At the sight of wild geese, dusky ducks, scoters and red-breasted mergansers, he forgets his discomfort.

He encounters a solitary settler, a French-Canadian, who serves him good coffee in a bowl. The coffee warms his stiff and aching hands, as they sit inside his one-room log cabin.

“This land is a species of Eden,” says the settler, “despite the seven feet of snow that fall in winter.” He has an acre of potatoes planted in sand. The cod are enormous and plentiful, but there are fewer than half the fish there were when he first came here. The European boats are taking them.

“And birds’ nests?”

“Back there,” the settler says, pointing to the marshy bits near the river mouth.

On returning to the schooner, Audubon assails Captain Emery. This journey will cost him thousands of dollars; he has his son and the four young gentlemen to take care of, the provisioning, the hiring of crew. It is an outlay of money which must bring tangible results in the form of birds. “The best nesting grounds are back at the river’s mouth.”

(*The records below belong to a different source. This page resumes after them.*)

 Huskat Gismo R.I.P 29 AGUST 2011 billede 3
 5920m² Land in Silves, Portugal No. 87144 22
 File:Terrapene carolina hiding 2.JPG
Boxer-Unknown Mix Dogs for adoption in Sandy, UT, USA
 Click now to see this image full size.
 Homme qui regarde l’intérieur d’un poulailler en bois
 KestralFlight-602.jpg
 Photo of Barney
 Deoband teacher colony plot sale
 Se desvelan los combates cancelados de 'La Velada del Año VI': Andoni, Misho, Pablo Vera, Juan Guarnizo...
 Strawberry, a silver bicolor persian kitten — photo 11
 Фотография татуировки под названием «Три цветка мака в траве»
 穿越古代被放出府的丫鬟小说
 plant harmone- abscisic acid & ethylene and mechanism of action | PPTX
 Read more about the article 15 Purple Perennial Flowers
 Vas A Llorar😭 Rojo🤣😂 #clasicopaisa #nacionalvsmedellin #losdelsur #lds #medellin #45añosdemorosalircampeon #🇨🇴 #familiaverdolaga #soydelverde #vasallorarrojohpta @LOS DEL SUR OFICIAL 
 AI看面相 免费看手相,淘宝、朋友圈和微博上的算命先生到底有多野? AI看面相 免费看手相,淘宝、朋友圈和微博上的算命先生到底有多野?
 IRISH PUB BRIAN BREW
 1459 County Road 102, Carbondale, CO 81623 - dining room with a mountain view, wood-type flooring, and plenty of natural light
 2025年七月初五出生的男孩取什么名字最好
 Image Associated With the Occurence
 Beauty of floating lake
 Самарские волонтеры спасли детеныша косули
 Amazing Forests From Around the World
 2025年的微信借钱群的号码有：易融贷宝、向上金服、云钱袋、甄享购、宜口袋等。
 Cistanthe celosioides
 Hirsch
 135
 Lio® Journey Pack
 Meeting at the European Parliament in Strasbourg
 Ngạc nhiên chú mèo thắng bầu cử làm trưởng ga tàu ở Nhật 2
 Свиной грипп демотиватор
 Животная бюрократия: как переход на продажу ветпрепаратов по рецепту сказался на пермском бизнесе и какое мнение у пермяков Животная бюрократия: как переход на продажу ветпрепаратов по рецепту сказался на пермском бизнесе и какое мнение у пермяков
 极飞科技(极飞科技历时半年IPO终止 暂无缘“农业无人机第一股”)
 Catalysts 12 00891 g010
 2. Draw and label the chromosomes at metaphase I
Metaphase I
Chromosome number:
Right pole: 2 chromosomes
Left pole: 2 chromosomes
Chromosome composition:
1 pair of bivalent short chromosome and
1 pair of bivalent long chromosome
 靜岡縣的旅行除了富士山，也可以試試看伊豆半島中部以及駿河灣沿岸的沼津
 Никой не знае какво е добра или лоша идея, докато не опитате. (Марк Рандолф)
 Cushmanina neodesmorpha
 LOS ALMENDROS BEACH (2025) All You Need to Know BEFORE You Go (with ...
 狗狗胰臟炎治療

Emery listens with his chin down. “The English keep the Americans out. Further on then, we’ll find our own harbours.”

Audubon stares at the captain. Emery is polite and immovable. By habit the captain’s eyes scan the water. What he sees makes him smile. “Look.”

There is another visitor to the harbour, a schooner that looks like a black man-of-war.

“What is that vessel?”

“We’ve just had a stroke of luck. It’s the Quebec surveying vessel,” says Emery. “If anyone knows these waters, it will be her captain.”